Transposition of the great arteries
Treatment & Care
Having identified your child’s heart condition, we’re able to begin the process of treating him, so that we may ultimately return him to good health.
Upon birth, your newborn will be admitted to Children’s Hospital Boston’s cardiac intensive care unit (CICU). Initially, he may be placed on oxygen or a ventilator to help him breathe, and IV (intravenous) medications may be given to help his heart and lungs function more efficiently.
Once he’s stabilized, your baby’s treatments will probably include:
- medication: Doctors may administer an IV (intravenous) medication (prostaglandin E1) to keep open the infant’s ductus arteriosus (the prenatal connection between the aorta and the pulmonary artery, which usually closes shortly after birth, but which is now important as a temporary alternative opening for blood flow).
- cardiac catheterization: Before TGA surgery, doctors may perform a cardiac catheterization procedure called balloon atrial septostomy to improve the mixing of oxygen-rich (red) blood and oxygen-poor (blue) blood. A special catheter with a balloon in the tip is used to create or enlarge an opening in the atrial septum (wall between the left and right atria).
surgery: Within a baby’s first one to two weeks, transposition of the great arteries is surgically repaired through a procedure called an “arterial switch,” which roughly describes the surgical process. A heart-lung machine does the work of the heart, while the aorta and pulmonary arteries are disconnected, “switched” and reconnected to their proper ventricles.
As part of the procedure:
- The coronary arteries are repositioned to the newly positioned aorta so that “red” blood can supply the muscle of the heart.
- The associated holes between the chambers of the heart are closed.

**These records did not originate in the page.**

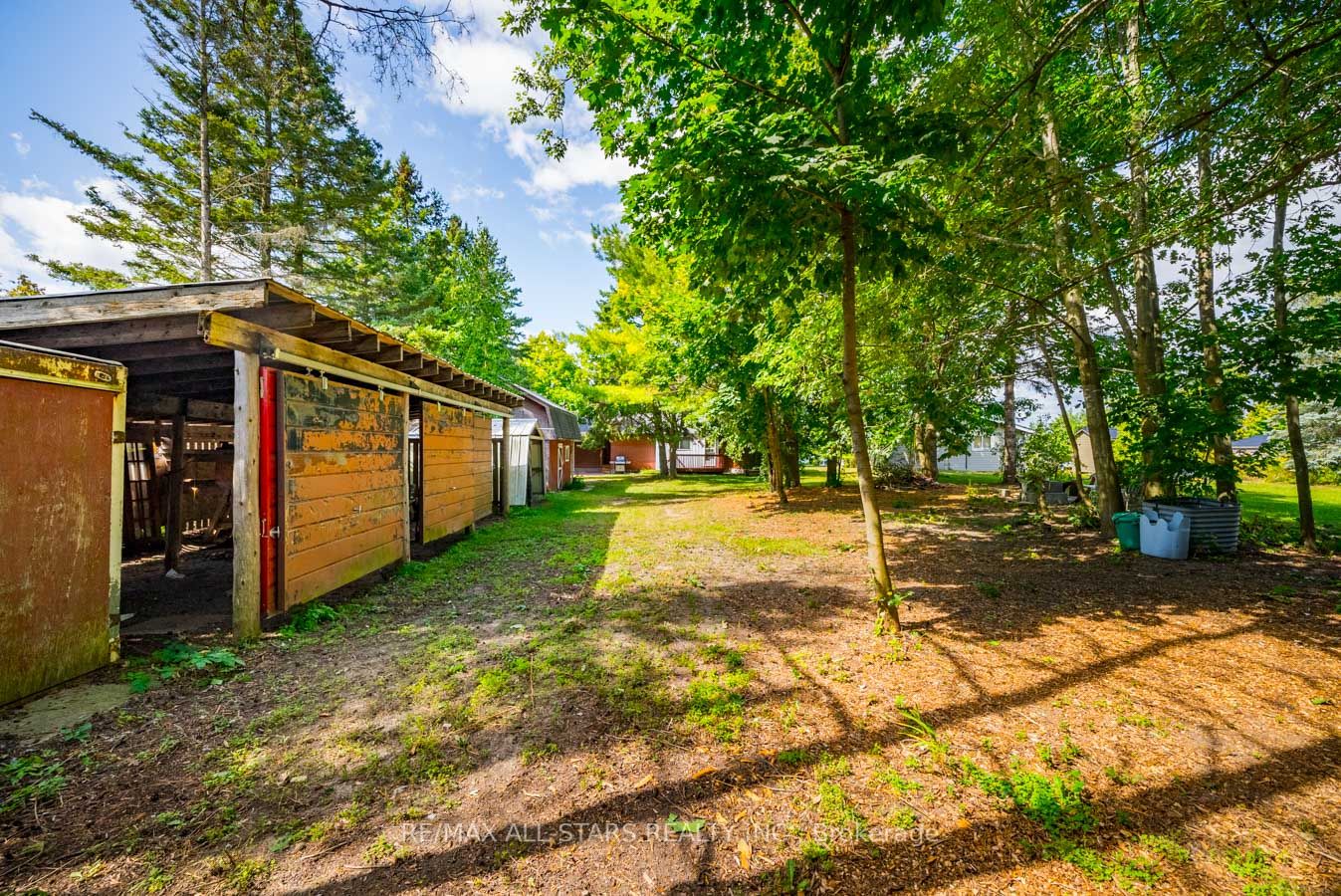 163 Summit Dr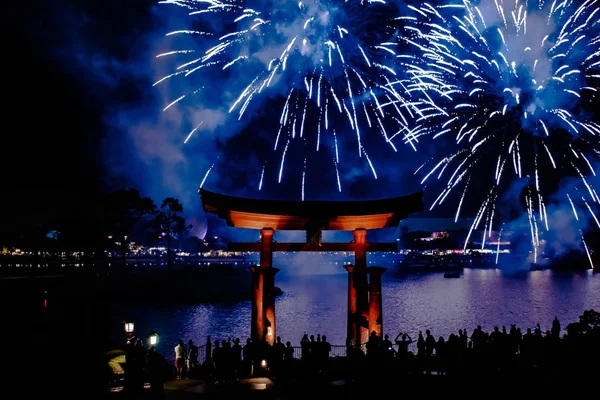 Orlando Florida November 2019 Japanese Arch Spectacular Fireworks Night Background — Stock Photo, Image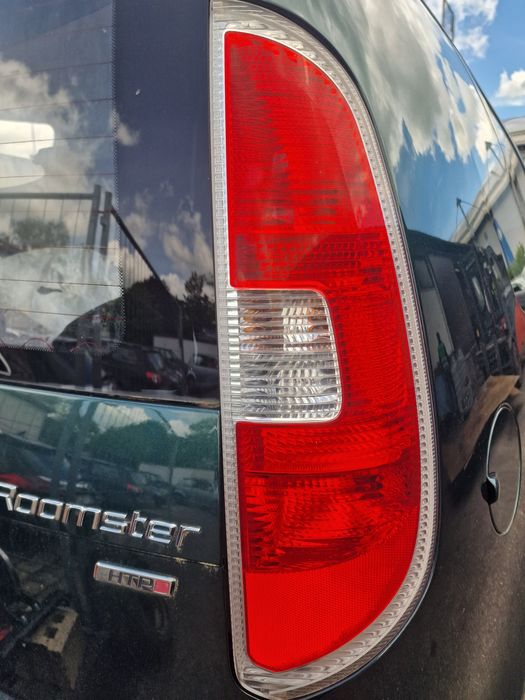Stop/stopuri Skoda Roomster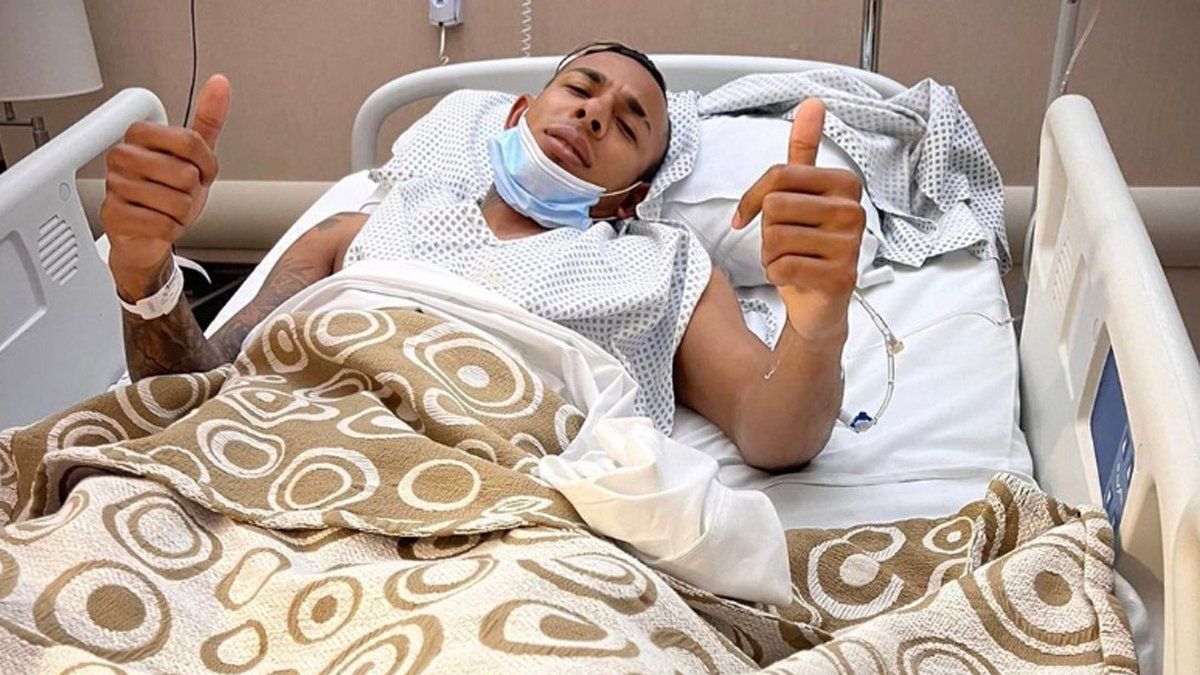Sebastián Villa underwent a successful operation but will miss the Superclásico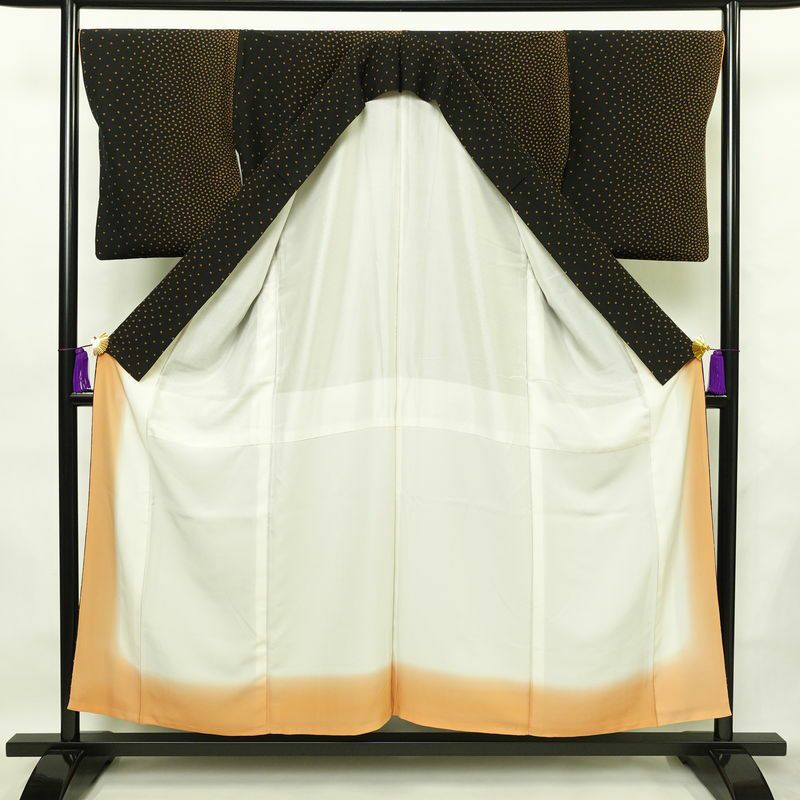 小紋 縮緬 正絹 その他の柄 袷仕立て 身丈153cm 裄丈68cm 着物 黒_画像3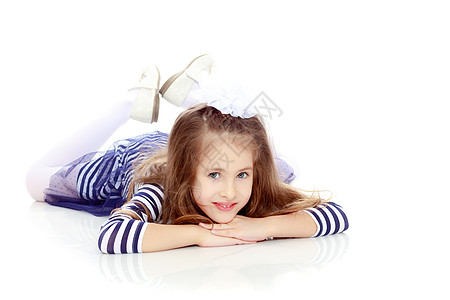 小女孩躺在地上 脸 红色的 年轻的 可爱的 假期背景图片
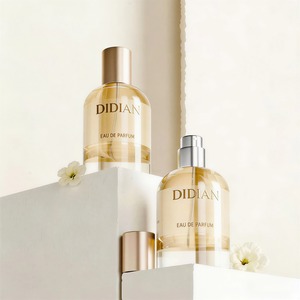 Flaconi di Profumo Rotondi da 30ml 50ml 100ml, Bottiglie Spray in Vetro Vuote con Elegante Stampa Dorata - Product Image 1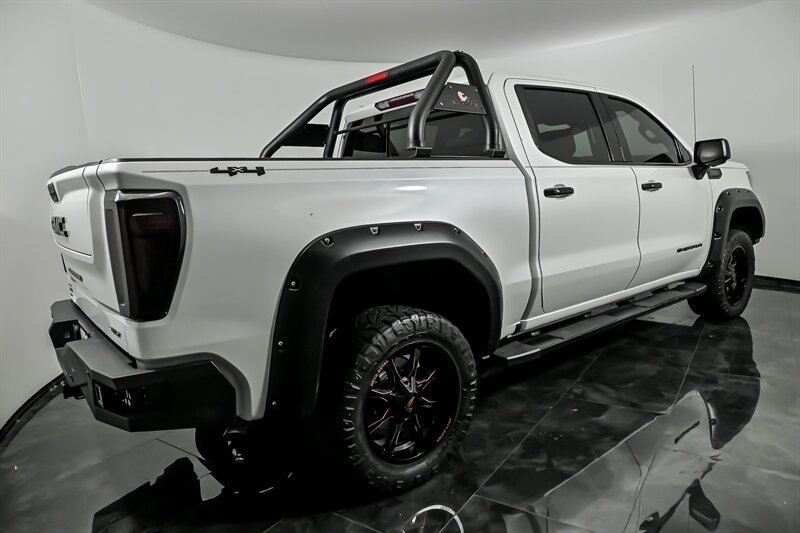 Used 2021 GMC Sierra 1500 SLT w/ SLT Premium Plus Package AWD/4WD image 9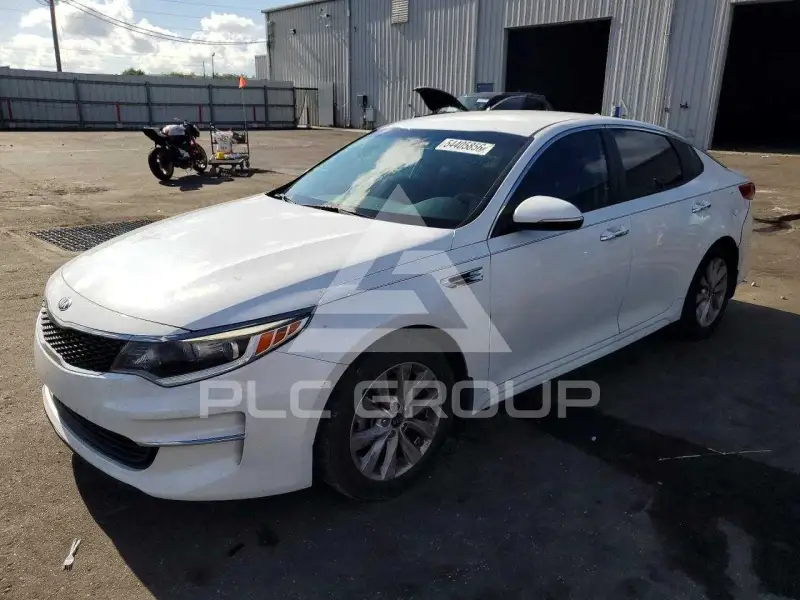 2018 KIA Optima photo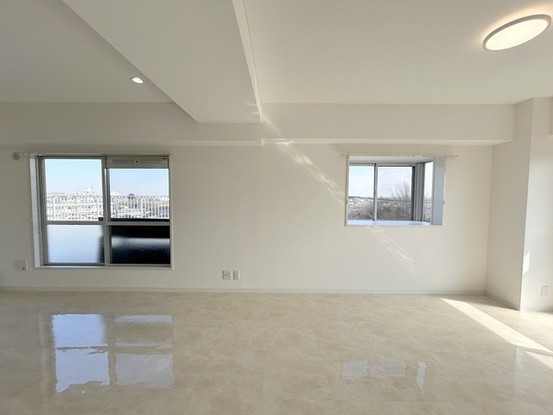 apartment 埼玉県上尾市谷津２丁目２番１号ショーサンプラザ５Ｆ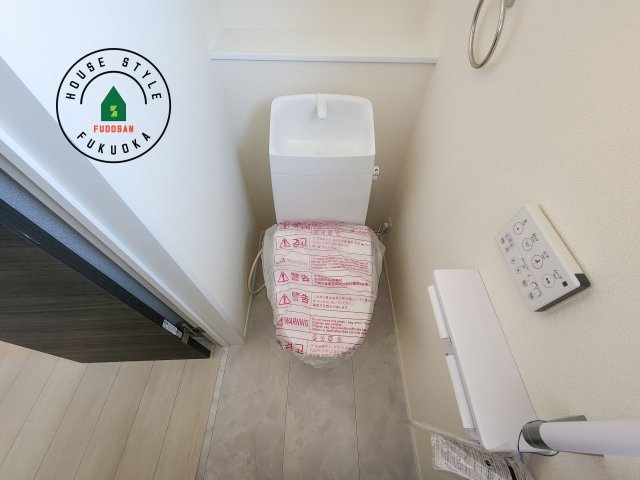 小郡市寺福童第2-2棟（1号棟）のトイレ|温水洗浄便座を完備しております。2ヶ所にトイレがあるのは朝の慌ただしい時間も安心です。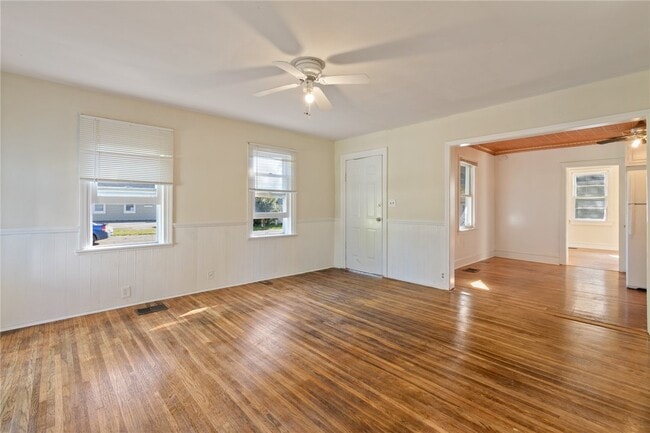 Photo - 250 Sanford St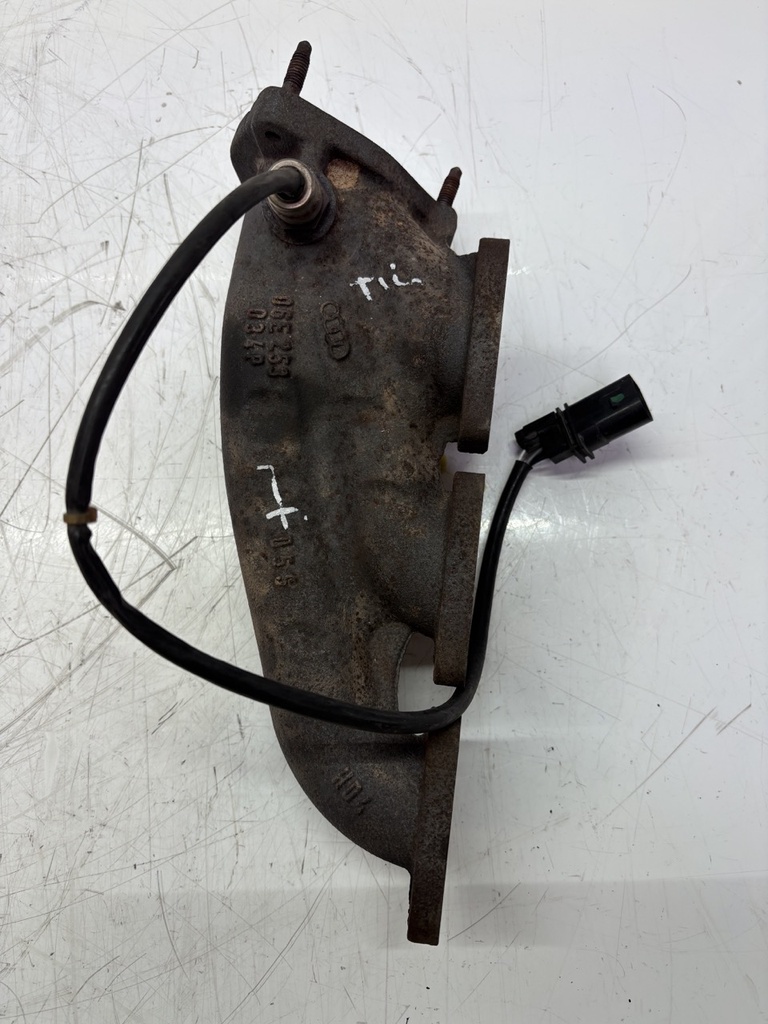 [MTD-460962] Colector de escape Audi A4 S4 B8 A5 S5 3.0 Quattro CGWC CGW 06E253034P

- The heart is reactivated as the heart-lung machine is withdrawn.
At home: caring for your child after surgery
After surgery, your child’s cardiologist will offer recommendations for follow-up care, including:
- wound care while the baby is healing
- a nutritional program to encourage weight gain
- an oral hygiene program to prevent infection
- an appropriate exercise regimen to build body mass and achieve fitness
As your baby recovers and grows, be sure to follow a regular program of well-baby/well-child checkups.
As he grows: your child's long-term outlook
Surgical techniques for TGA and its associated defects are continually being refined, and the long-term outlook is continually improving. Most children who’ve had TGA surgery recover and grow normally. Even so, your child will need periodic monitoring, since he may be at some risk for arrhythmias, leaky valves, narrowing of the arteries at the sites of the switch, and other heart issues.
Your child’s cardiologist will help you create a long-term care program as your baby matures into childhood, the teen years and even adulthood. Most people who have had congenital heart disease repair will have an ongoing relationship with their cardiologist. We’ll prevent and treat any complications (often detected through cardiac MRI) and will advise on daily-life issues, such as activity levels, nutrition and precautions related to pregnancy.
Coping and support
We understand that if your child is has TGA, you’ll have a lot of questions. Will surgery help my child? What’s the long-term outlook? Children’s Hospital Boston has a variety of resources at that may be helpful to your family:
- patient education: Our nurses will be on hand to walk you through your child’s treatment and help answer any questions you may have.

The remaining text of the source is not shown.